## EXERCISE BRIEF
From the data below, copy out every line in which the word "photo" occurs.

## STORED DATA
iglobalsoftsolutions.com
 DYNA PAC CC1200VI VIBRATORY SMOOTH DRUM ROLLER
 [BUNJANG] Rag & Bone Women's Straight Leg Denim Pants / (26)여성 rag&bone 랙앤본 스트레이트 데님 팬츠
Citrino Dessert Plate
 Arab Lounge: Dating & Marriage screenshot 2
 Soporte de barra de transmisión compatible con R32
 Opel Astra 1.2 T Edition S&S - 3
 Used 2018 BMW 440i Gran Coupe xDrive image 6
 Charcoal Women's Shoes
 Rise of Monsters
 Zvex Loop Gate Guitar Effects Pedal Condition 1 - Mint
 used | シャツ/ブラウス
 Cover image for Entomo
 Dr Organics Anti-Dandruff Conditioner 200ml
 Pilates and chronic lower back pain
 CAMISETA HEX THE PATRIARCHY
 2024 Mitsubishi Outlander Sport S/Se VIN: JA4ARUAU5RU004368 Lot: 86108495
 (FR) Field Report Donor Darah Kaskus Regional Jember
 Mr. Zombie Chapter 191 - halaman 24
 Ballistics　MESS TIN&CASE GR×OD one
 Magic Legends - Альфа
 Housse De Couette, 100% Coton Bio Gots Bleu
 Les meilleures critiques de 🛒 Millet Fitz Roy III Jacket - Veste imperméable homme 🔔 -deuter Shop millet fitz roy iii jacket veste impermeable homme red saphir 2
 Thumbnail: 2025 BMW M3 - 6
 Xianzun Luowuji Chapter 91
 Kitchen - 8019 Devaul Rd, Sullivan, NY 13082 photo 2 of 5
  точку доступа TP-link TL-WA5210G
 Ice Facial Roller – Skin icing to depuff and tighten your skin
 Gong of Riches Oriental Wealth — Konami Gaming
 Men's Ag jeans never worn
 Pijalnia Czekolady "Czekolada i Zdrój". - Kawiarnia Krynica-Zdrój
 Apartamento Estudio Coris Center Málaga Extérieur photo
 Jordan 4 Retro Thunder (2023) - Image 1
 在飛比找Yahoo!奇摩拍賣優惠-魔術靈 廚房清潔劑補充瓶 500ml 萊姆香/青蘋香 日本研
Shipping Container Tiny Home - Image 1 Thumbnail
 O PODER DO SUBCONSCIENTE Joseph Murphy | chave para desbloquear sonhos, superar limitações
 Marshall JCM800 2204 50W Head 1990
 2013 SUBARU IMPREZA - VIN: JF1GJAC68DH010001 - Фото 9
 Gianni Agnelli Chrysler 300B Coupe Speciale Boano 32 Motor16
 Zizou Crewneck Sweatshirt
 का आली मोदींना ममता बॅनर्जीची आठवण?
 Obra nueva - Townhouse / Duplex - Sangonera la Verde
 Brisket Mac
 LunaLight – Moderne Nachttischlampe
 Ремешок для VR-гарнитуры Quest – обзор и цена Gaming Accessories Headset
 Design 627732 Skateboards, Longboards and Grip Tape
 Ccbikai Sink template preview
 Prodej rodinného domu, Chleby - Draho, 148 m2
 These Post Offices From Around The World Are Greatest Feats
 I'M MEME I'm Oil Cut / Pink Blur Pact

## SOLVED PROBLEM
 Kitchen - 8019 Devaul Rd, Sullivan, NY 13082 photo 2 of 5
 Apartamento Estudio Coris Center Málaga Extérieur photo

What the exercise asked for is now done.